Almanya’da sınır dışı edilen kişiler arasında çocuk ve gençlerin oranının endişe verici düzeyde olduğu resmi verilerle bir kez daha ortaya kondu. Federal İçişleri Bakanlığı’nın parlamenterlerin yazılı soru önergesine verdiği yanıta göre, 2024 yılında Almanya’dan toplam 20 bin 084 kişi sınır dışı edildi. Bu kişilerin 2 bin 316’sı, yani %11,5’i, 6 ila 18 yaş aralığındaki çocuk ve gençlerden oluşuyor. Bu oran, sınır dışı edilen her 10 kişiden birinin çocuk olduğu anlamına geliyor.
İlk altı ayda da durum benzer bir görünüm arz ediyor. 2025’in ilk yarısında 11.807 kişi sınır dışı edilirken, aralarında 1345 çocuk ve genç vardı. Bu da yaklaşık %11,3–11,4 oranına denk geliyor. Bu oranların 2022’den beri istikrarlı biçimde yüzde 11’in üzerinde seyretmesi dikkat çekici. Ancak kaynakların açıkladığı üzere, toplam deportasyon sayısında ciddi bir artış da söz konusu: 2022’de 12 bin 945 olan sayı, 2023’te 16 bin 430’a, 2024’te ise 20 bin 084’e yükseldi
Bu artışın arka planında, Federal Meclis’te (Bundestag) kabul edilen ve sınır dışı prosedürlerini önemli ölçüde sıkılaştıran yasal değişiklikler yatıyor. “Sınır Dışı Edilmesi Kolaylaştırma Yasası” olarak bilinen bu düzenlemeler, yetkililere daha geniş yetkiler verdi ve sınır dışı engellerini azalttı. Sınır dışı işlemlerinin fiili uygulaması ise Almanya’da temel olarak eyaletlerin (Bundesländer) sorumluluğunda.

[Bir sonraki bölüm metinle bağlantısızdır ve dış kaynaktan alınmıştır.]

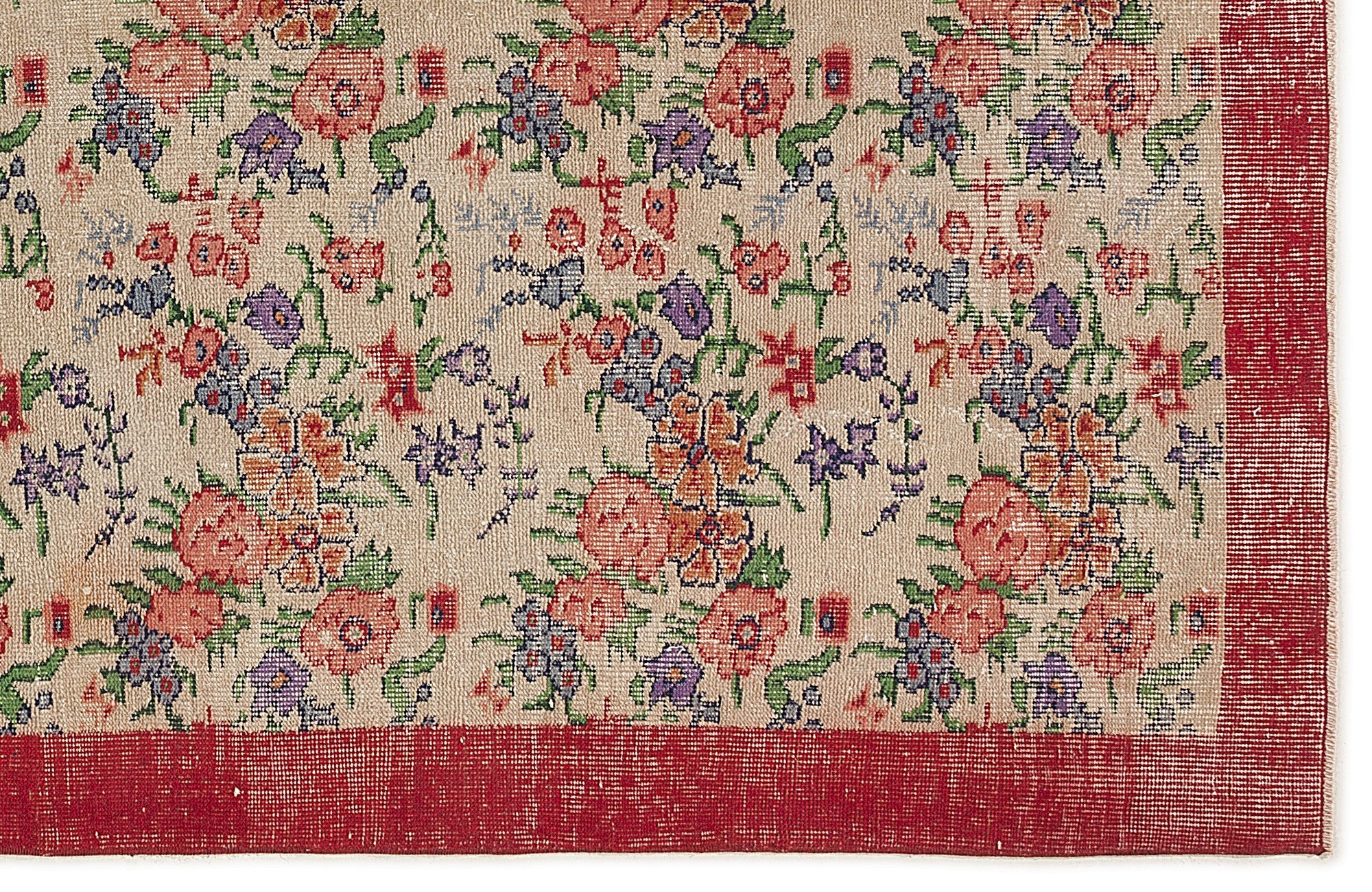 Atina Cream Vintage Wool Handmade Area Rug 5'3" x 9'6"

KORUMA TALEP EDİLENLERİN ÇOĞU 30 YAŞ ALTI
Veriler, sınır dışı edilen çocukların yaş dağılımı veya kaçının aileleriyle birlikte zorla geri gönderildiği konusunda detay sunmuyor. Ancak, genel mülteci demografisi dikkate alındığında tablo daha netleşiyor. Almanya’da sığınma başvurusunda bulunanlar, genel nüfusa kıyasla belirgin şekilde daha genç bir profil çiziyor.
Federal Göç ve Mülteciler Dairesi’nin (BAMF) Temmuz 2025 sonu itibarıyla istatistiklerine göre, bu yıl koruma talep edenlerin yüzde 72’si 30 yaş altında. Yüzde 43’ü 18 yaşın altında (reşit olmayan). Başvuruların %18’i doğrudan 6-18 yaş aralığındaki çocuk ve gençleri kapsıyor.
Bu oranlar, sığınmacı nüfus içinde çocuk ve gençlerin önemli bir bölümü oluşturduğunu ve dolayısıyla sınır dışı politikalarının bu hassas grubu doğrudan etkilediğini gösteriyor. Özellikle uzun süre Almanya’da yaşamış, okula gitmiş ve sosyalleşmiş çocukların ani sınır dışı edilmelerinin ciddi psikolojik travmalara yol açabileceği konusunda sık sık uyarıda bulunuluyor. İltica ve göç alanında faaliyet gösteren kuruluşlar, çocukların yüksek yararının her türlü göç politikasının merkezinde olması gerektiğini vurguluyor.